It seems that parenting these days is tougher than ever before. But is it really? Or are we, parents, just making it that way?
Those questions came about after speaking with another mom at a baseball game. Our boys are on the same team. As the mom was ruminating over the fact of having to make three separate dinners for her three boys, I reflected back to when I had all five of my kids under one roof.
As a single mom, never once did I consider making individually prepared meals. My kids ate what I gave them…no questions asked. Who did I learn that practice from? My own mother. She, herself, had four children to raise. She didn’t have time to be a short-order cook and wasn’t shy in saying so. I regularly heard, “What do you think I am? A short-order cook?” I got the message and appropriate lesson to boot. I know I’m not the only one.

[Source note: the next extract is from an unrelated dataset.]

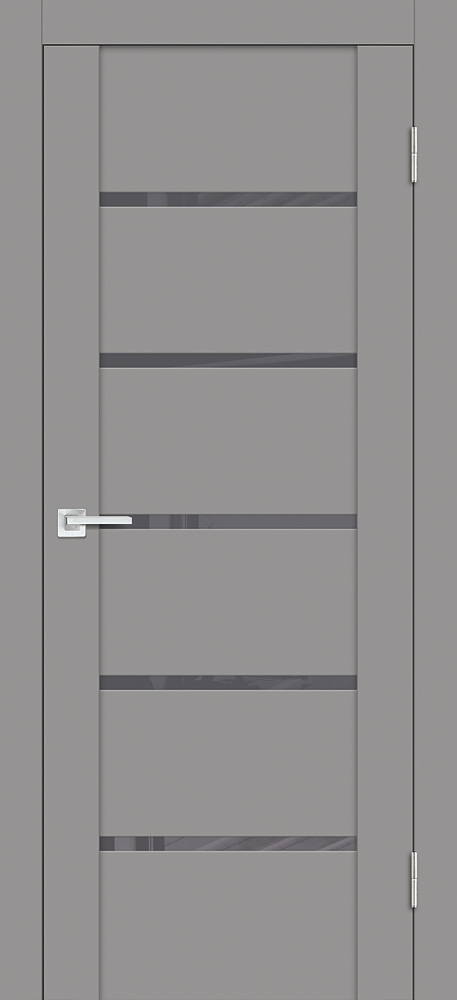 Двери ЭКОШПОН, ПВХ PROFILO PORTE PST-7 со стеклом серый бархат размер 190 х 55 см. артикул F0000090498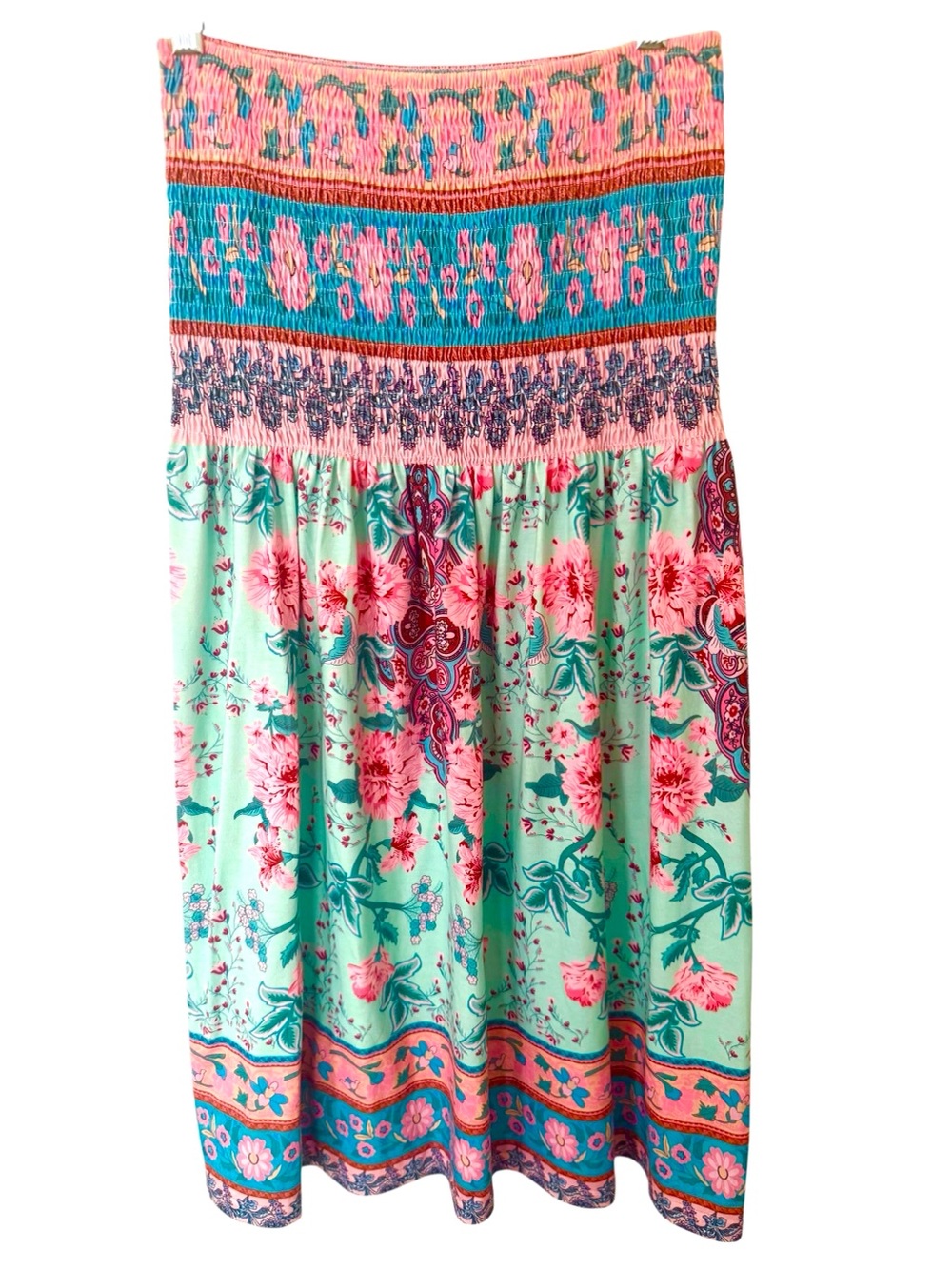 Boutique Boho Floral Smocked Strapless Midi Dress | Mint Pink | S/M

That’s how it was back then, and I can’t help but contemplate the value of our parents’ madness. I think today’s parents could benefit from adopting a number of phrases our parents used to toss around without a second thought. Sometimes, old ways are the better ways. Establishing more stringent limits is a means of love while maintaining sanity. Below are a few tidbits our parents used to say. You might want to reintroduce them into your own families’ lives:
1. “I’m not your best friend. I’m your mother.” – My mother never set out to become my best friend. She already had one, my father. She wasn’t about to trade the respect she believed she deserved from me to become buddy-buddy. Even today, she still isn’t my best friend. But I love her to death and chat with her every week;
2. “You don’t get paid to do family work.” – That comment usually followed me asking for an allowance. It was interchangeable with “Money doesn’t grow on trees.” My mother taught me team work, the value of a dollar, and going ‘above and beyond’ the call of duty through the use of this phrase;
3. “I went to school already.” – And she was right. She did. My mom wasn’t about to do my homework for me. She taught me resourcefulness, communication, and how to handle my own problems as a result;
4. “Go play in your room (or outside).” – My mother made it clear that she was not my entertainment squad. She, guiltlessly, taught me to be comfortable being alone as well as how to entertain myself;
5. “I don’t have to explain. I’m your mother.” – Not only did this statement clearly establish the chain of command but it also provided an enormous amount of security and eliminated negotiation of any sort. My mother would have never negotiated with me to exhaustion like so many parents do with their kids today;
6. “There’s the door.” – My mother never felt the need to seek my approval. Nor did she shy away from disciplining me. She taught me gratitude as well. I promise you, every time I packed my Barbie suitcase and ran away, I came back more appreciative of my warm bed than ever before;
7. “Just think.” – I usually heard this suggestion when I could not fall asleep at night because I was wound up. My mother taught me how to manage myself in these instances and many others. Spending time in the dark thinking never goes to waste;
8. “Who said you had to be happy all the time?” – My mother instilled in me realistic expectations when it came to being human as well as showed me the value and place for all emotions, thoughts, etc. I believe kids really need more of this today;
9. “Did you forget something?” – Whether I failed to say “good-morning” to her as I came down the stairs or hung up the phone without saying “good-bye,” I learned that manners were not optional in my life or society…ever;
10. “Did you kiss your dad good-night?” – Meant, remember what is important and keep that first place. It also signified just how much my parents loved me.
So there you have it, ten phrases to adopt if you so choose. Each one will undoubtedly decrease your parenting stress level and benefit your kids enormously.